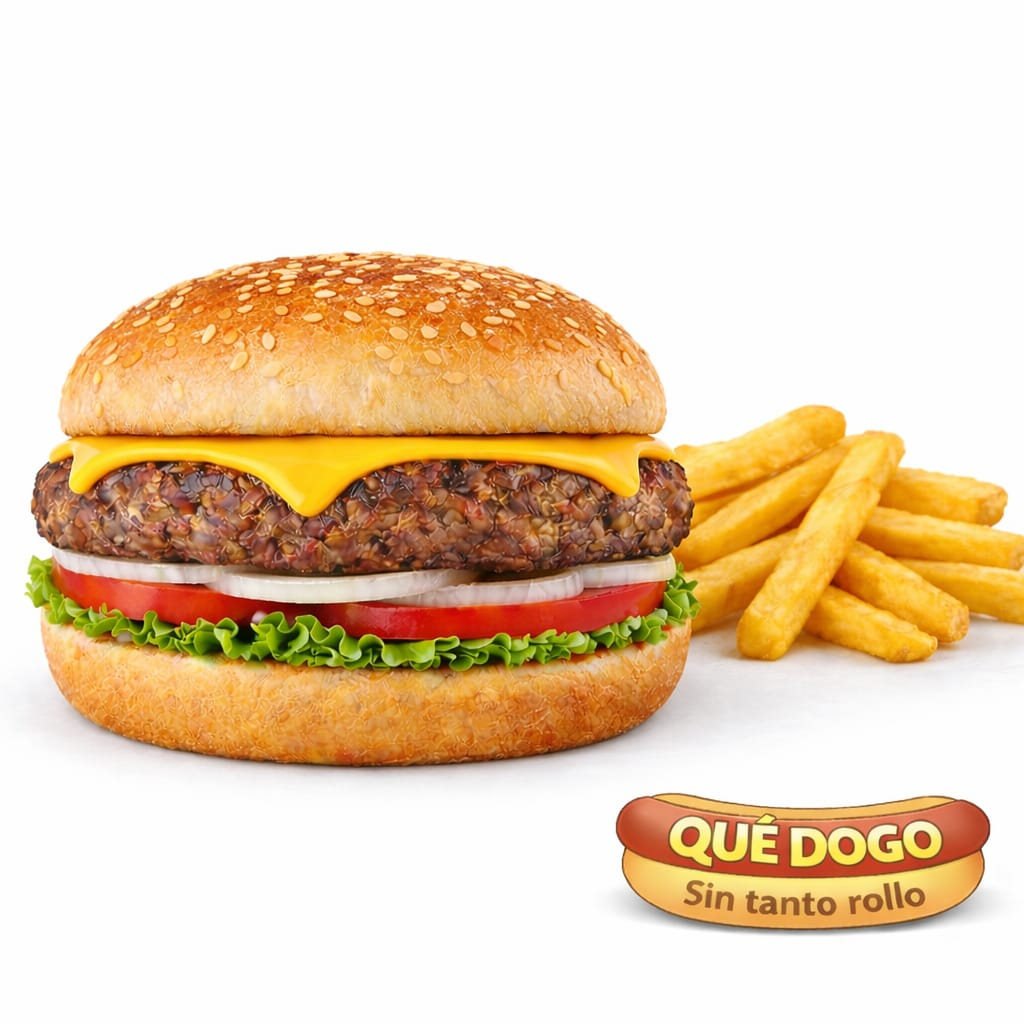 Hamburguesa Clasica + Papas Fritas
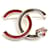Chanel Spilla Ladybug con logo CC Multicolore  - vista 1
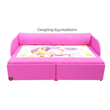 Rori Diamond ágyneműtartós kihúzható kanapéágy: pink Pony 2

## WHAT YOU HAVE TO DO
Pictures excluded, output exactly the line that contains "Chanel Spilla Ladybug" and every line after it to the end of the data above.

## TASK RESULT
Chanel Spilla Ladybug con logo CC Multicolore  - vista 1
 Rori Diamond ágyneműtartós kihúzható kanapéágy: pink Pony 2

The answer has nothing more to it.